A model intended for the support of lower limbs has been certified conform the Medical Device Directive in the EU. According to the manufacturer, this model is applicable as a medical device to patients who, inter alia, suffer from spinal cord damage, brain trauma, cerebrovascular disease or neuromuscular disorder. It allows patients to perform regular tasks, such as standing up, walking and sitting down.
Cyberdyne aspires the use of their suits in a much wider context. Next to support for disabled people, their suits might be used for heavy labor support in factories and rescue support at disaster sites, as well as in the entertainment industry.
Proton Medical Research Center – by Danique Barten and Britt Kunnen
Proton therapy is a promising technology in the field of modern radiation oncology. From a physical point of view there is one reason why proton therapy is so interesting: the finite range of protons causes a steep fall-off in dose deposition after the dose maximum. The proton finite range depends on the given energy: high energetic protons will penetrate deeper into the tissue.
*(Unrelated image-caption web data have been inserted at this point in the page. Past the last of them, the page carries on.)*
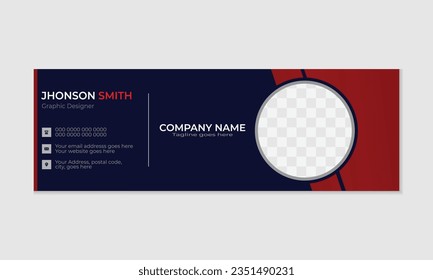 simple creative email signature design , clean vector template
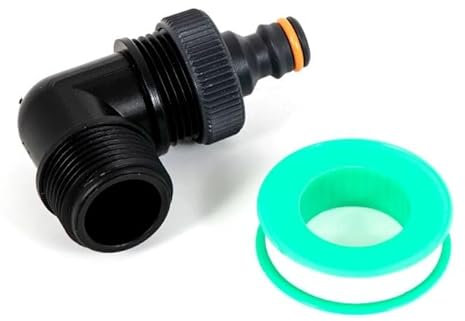 ABAZO - Raccord de pompe sur pompe de jardin, raccord de tuyau, clapet anti-retour pour la pompe, raccordement à un hydrophore, jeu d'accessoires de pompe, raccord de sortie de pompe SET 1 AG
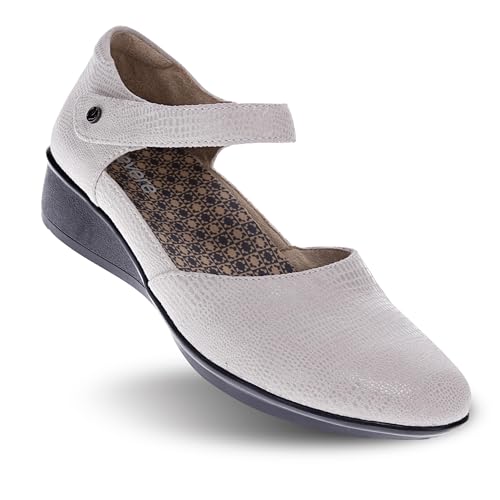 Image of Revere Osaka Mary Jane - Premium Leather - Orthotic-Friendly Removable Insoles - Adjustable Strap - Arch Support - Stylish Wedges for All-Day Comfort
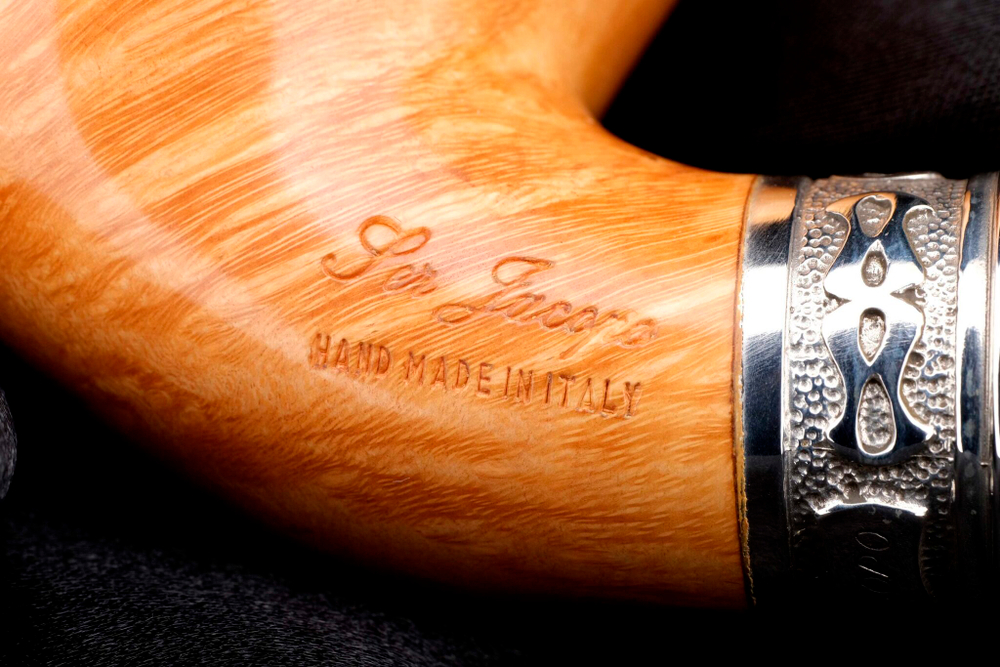 Трубка SER JACOPO Leonardo da Vinci L2 Bent в шкатулке S205-2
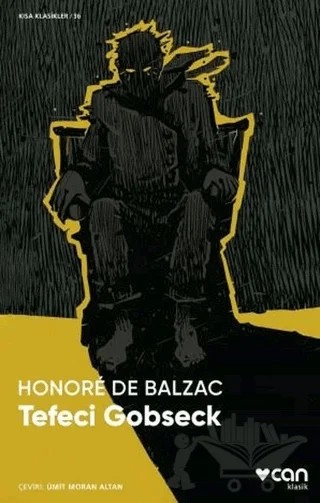 Tefeci Gobseck – Honore de Balzac – Can Yayınları kitap kapağı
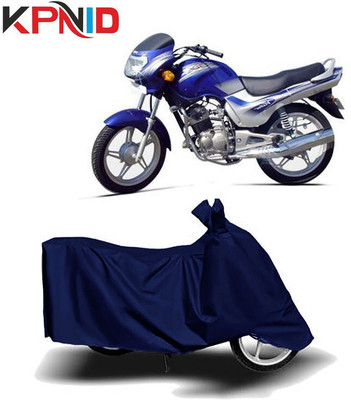 DeepShakshi AUTOMOTIVE Waterproof Two Wheeler Cover for TVS(Victor GLX, Blue)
In the last few millimeters the maximum dose is delivered to the tissue. This maximum is called the Bragg Peak.
The characteristic Bragg Peak of protons provide good localization of dose and more sparing of normal tissues in comparison with conventional photon radiotherapy. Different proton delivery techniques can be used, for example intensity modulated proton therapy (IMPT). In IMPT different proton fields individually deliver an inhomogeneous dose across the target volume, which is an advantage in treatment of complex structures. This is also called multi field optimization (MFO) IMPT. In contrast to the single field optimization (SFO), were each proton field delivers a uniform dose to the target. With MFO IMPT the sparing of critical organs increases, but is also more sensitive to uncertainties and thus less robust. Still many studies investigated the advantages of proton therapy, for example sparing of critical organs and robustness of proton plans.
In Tsukuba we’ll visit the Proton Medical Research Center (PMRC). This in-house facility was in 2000 constructed adjacent to the University Hospital. The PMRC is equipped with a synchrotron and two gantry treatment rooms. Clinical treatment started in September 2001. The PMRC focuses mainly on liver cancer, lung cancer, prostate cancer, esophageal cancer and brain or skull base tumors. These are types of cancer commonly found in Japanese people. So far, 3000 patients are treated in this centre.
Saturday April 5
Optional: Kamakura – by Koen van der Laan and Marjolein Schimmel
Kamakura is een stad 50km ten zuiden van Tokyo en heeft ongeveer 170 duizend inwoners. Het staat vooral bekend als toeristische trekpleister, vanwege de bijzondere tempels en prachtige stranden. De twee meest voorkomende tempels die te bezichtigen zijn, zijn de Buddha-tempels en de Shinto shrines. In de geschiedenis van Kamakura begint rond het jaar 700, toen het een klein vissersdorpje was. Lange tijd gebeurd er niks tot in het jaar 1192 toen Minamoto no Yoritomo het Kamakura shogunate oprichtte. Dit is een militaristische overheid die tot 1333 grote delen van Japan regeerde, Kamakura was in die tijd de politieke hoofdstad van Japan. In 1335 verslaat de Japanse keizer deze militaristische overheid, waarna de glorie van daarvoor nooit meer terug zou komen. Tot aan de twintigste eeuw treedt er verval op aan bijvoorbeeld de tempels in Kamakura, onder andere door anti-Boeddhisme geweld en een aardbeving in 1923. Na deze aardbeving worden de tempels gerestaureerd of worden er replica’s van gemaakt, die vandaag de dag nog te bewonderen zijn.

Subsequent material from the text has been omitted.